Je vous en rappelle les grandes lignes.
Les langues anciennes font l'objet d'enseignements à option. Le latin peut être étudié de la cinquième à la terminale, même si on peut débuter en seconde, alors que le grec ne s'étudie que de la troisième à la terminale. Ces enseignements à option sont dispensés là où existe une demande, et il est vrai que certaines classes sont très peu nombreuses.
Il faut noter que les élèves des classes scientifiques sont plus nombreux que ceux des classes littéraires à étudier les langues anciennes. C'est un point qui mérite réflexion.
Telle est, monsieur le sénateur, la situation actuelle, qui n'est pas remise en cause.
Un colloque sur le contenu des enseignements au lycée doit avoir lieu.

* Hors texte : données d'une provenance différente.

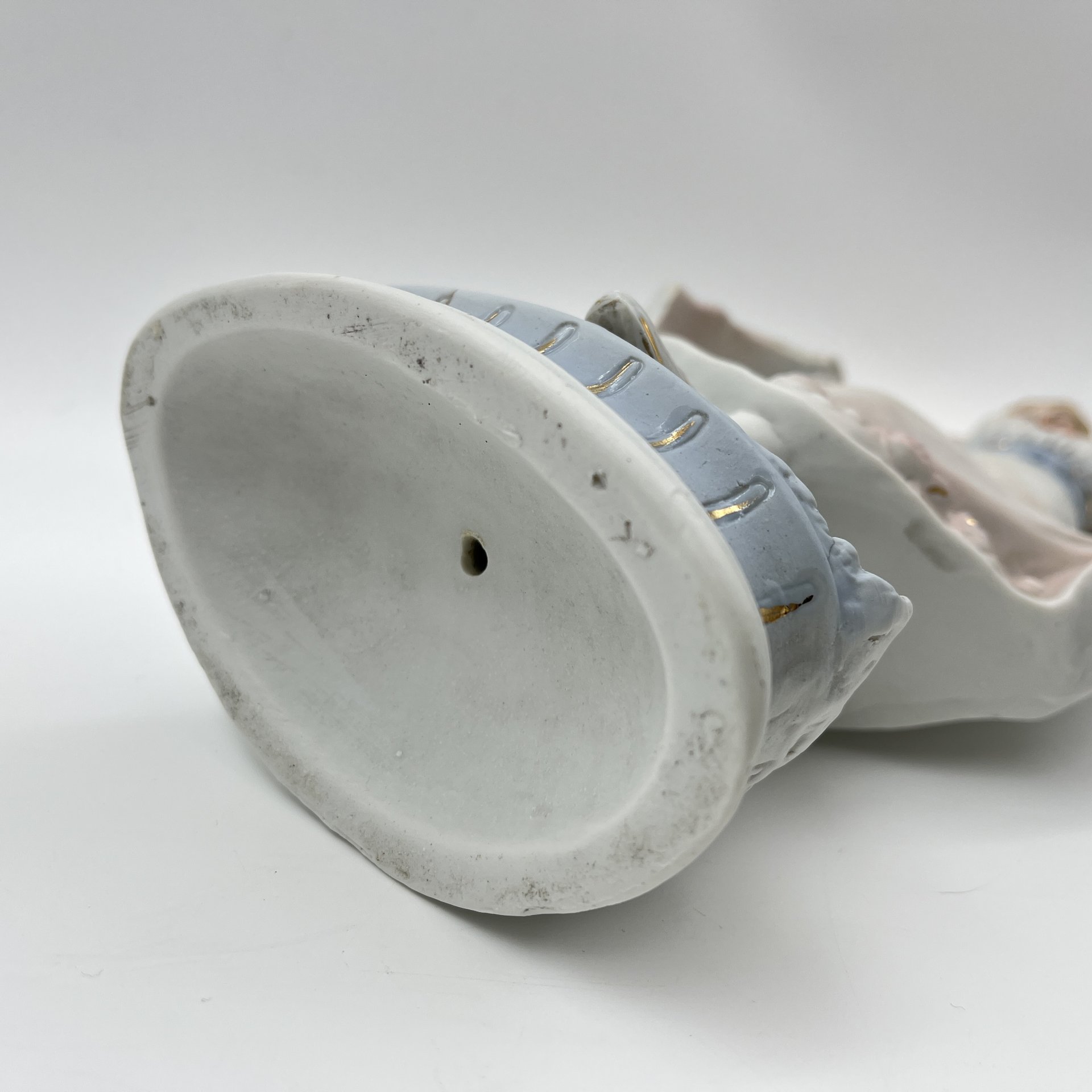 Статуэтка "Реверанс" ("Девушка в бальном платье"), фарфор, роспись, Западная Европа, 1930-1960 гг.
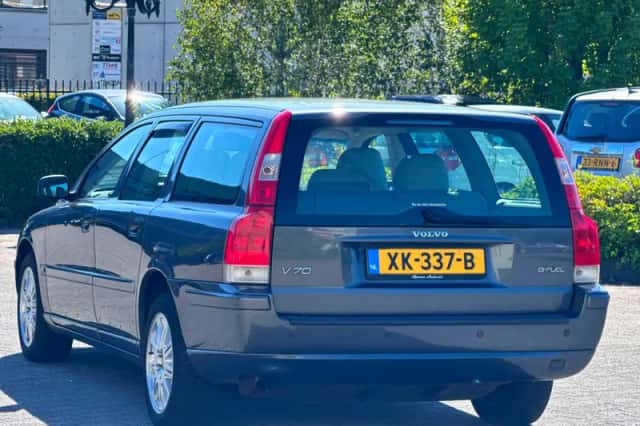Volvo V70 (2006) thumbnail 6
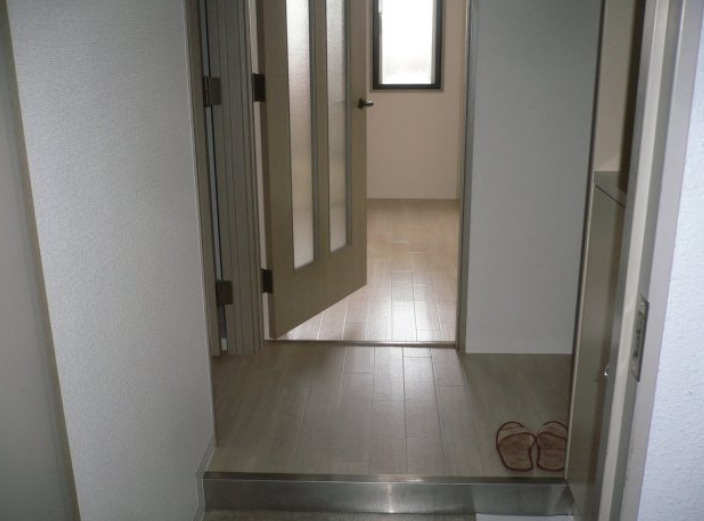 レックビルの玄関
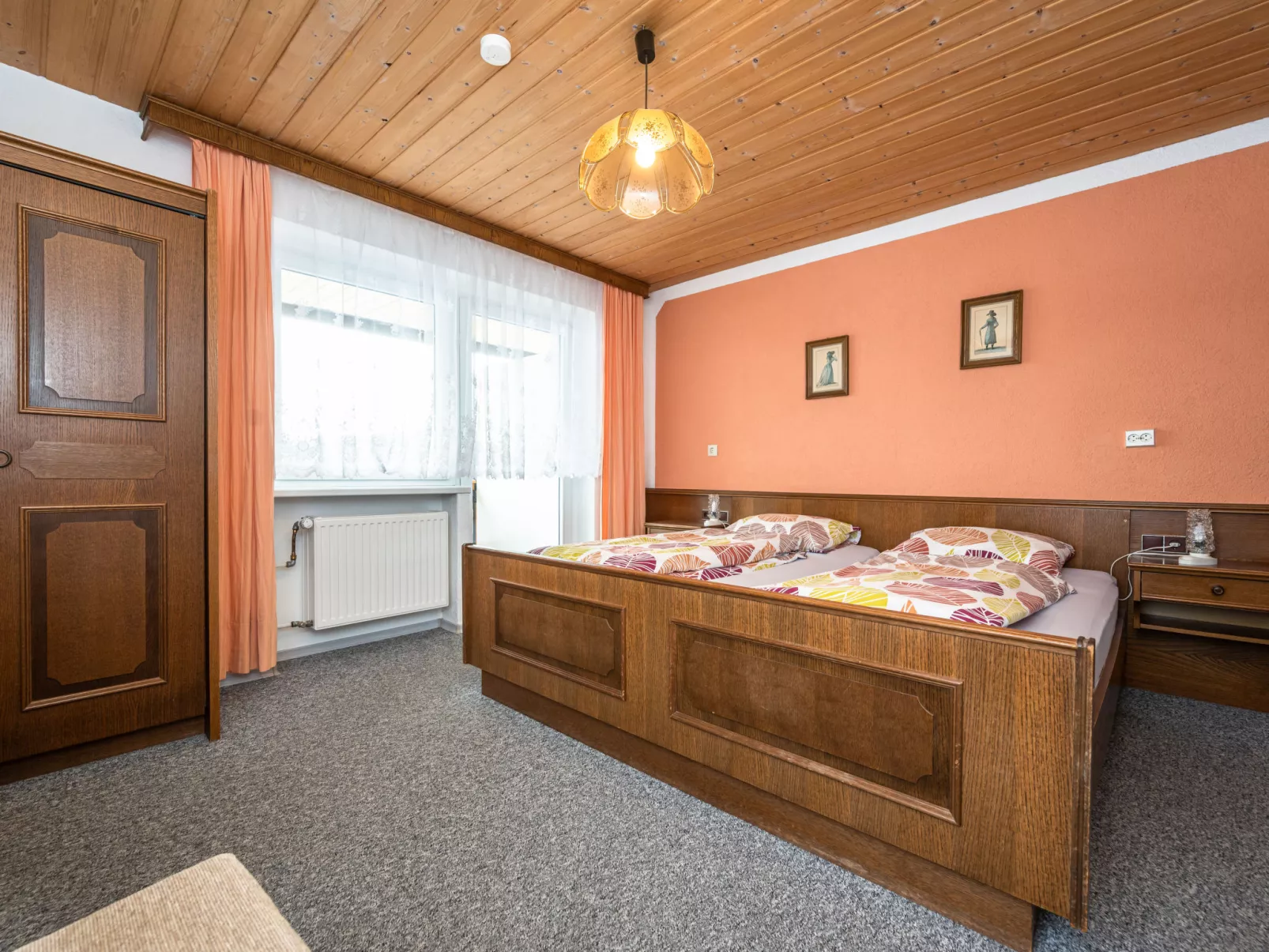 Bayerisch Häusl-Inside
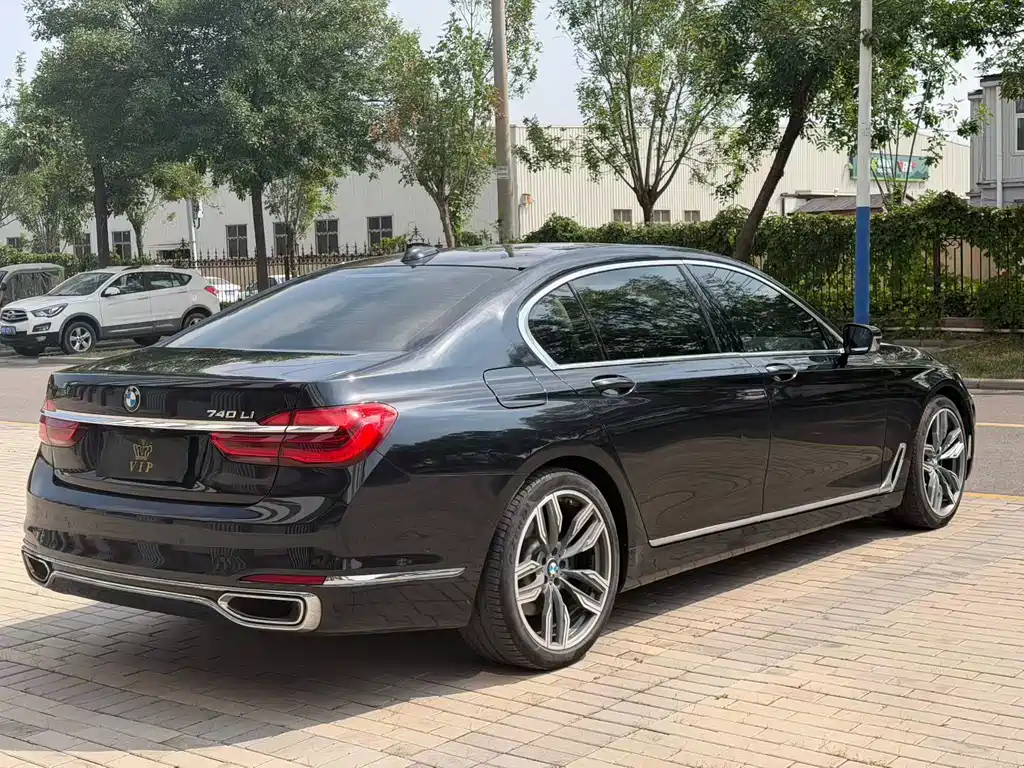 BMW 7 Series — миниатюра 9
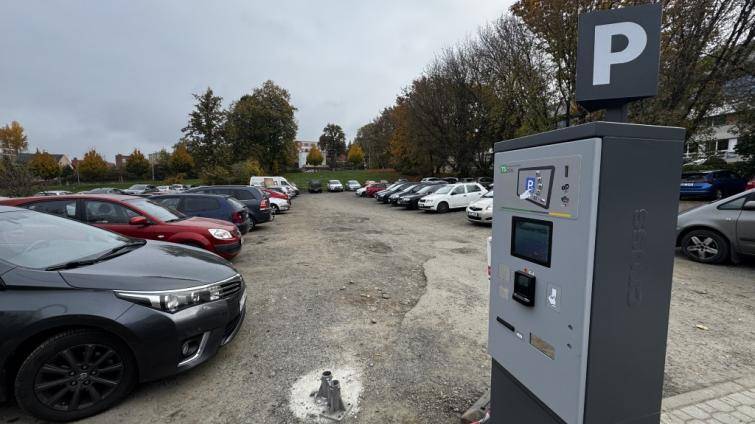 Platba parkovného mobilem přechází ve Zlíně na novou platformu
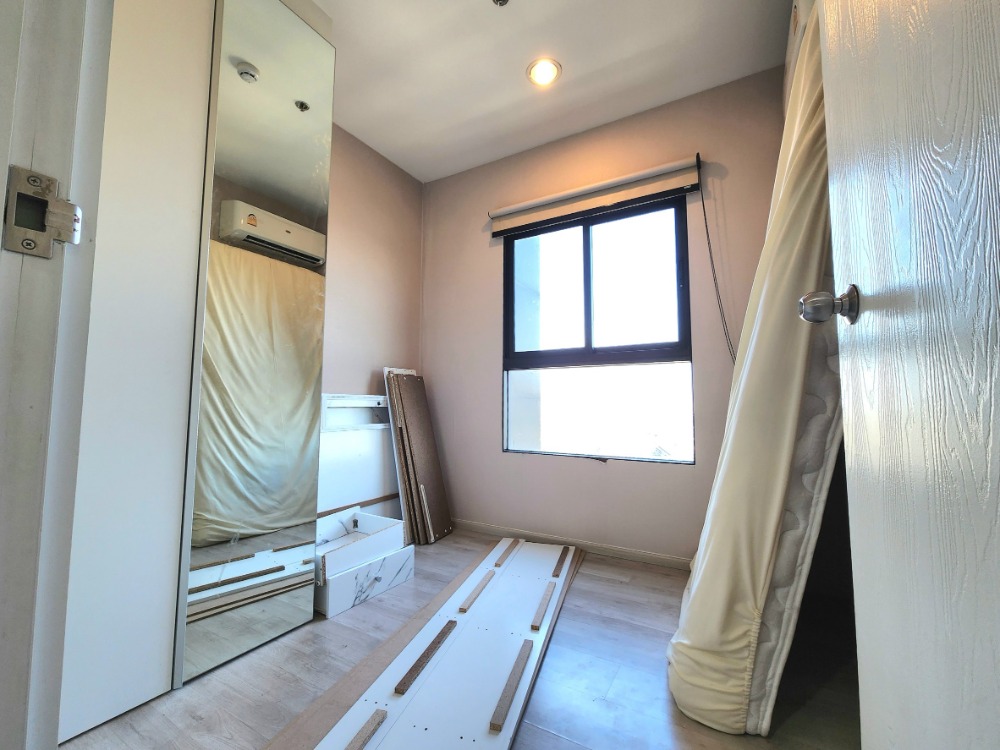 For RentCondoNonthaburi, Bang Yai, Bangbuathong : Status as shown in the cover photo**Room available, very beautifully decorated, beautiful view** For rent, Plum Condo Central Station Phase 2, new condition, if you want to stay, talk to us. *There is a washing machine JSN112.12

Ce sera un temps fort de réflexion sur les programmes. Il permettra sans doute de mieux déterminer la place des langues anciennes dans le dispositif d'enseignement.
Vous avez formulé une remarque sur les études supérieures. Je trouve pittoresque l'idée que l'on puisse entreprendre une thèse en histoire grecque sans connaître le grec. Il ne me semble pas opportun, monsieur le sénateur, même lorsque l'on éprouve une forte inquiétude, d'utiliser ce genre d'argument extrême. Quoi qu'il en soit, au nom de M. Claude Allègre, je peux vous dire que les études de grec à l'université posent un véritable problème car ces études sont peut-être insuffisantes.
Comme vous le voyez, M. Allègre va plutôt dans votre direction, et j'espère que cette réponse que j'ai été chargé de vous transmettre apaisera l'inquiétude que vous avez exprimée.
M. Jean Clouet. Je demande la parole.
M. le président. La parole est à M. Clouet.
M. Jean Clouet. Monsieur le secrétaire d'Etat, vous m'avez dit que, pour l'instant, le dispositif était maintenu ; pour l'instant, je suis donc rassuré. (Sourires.)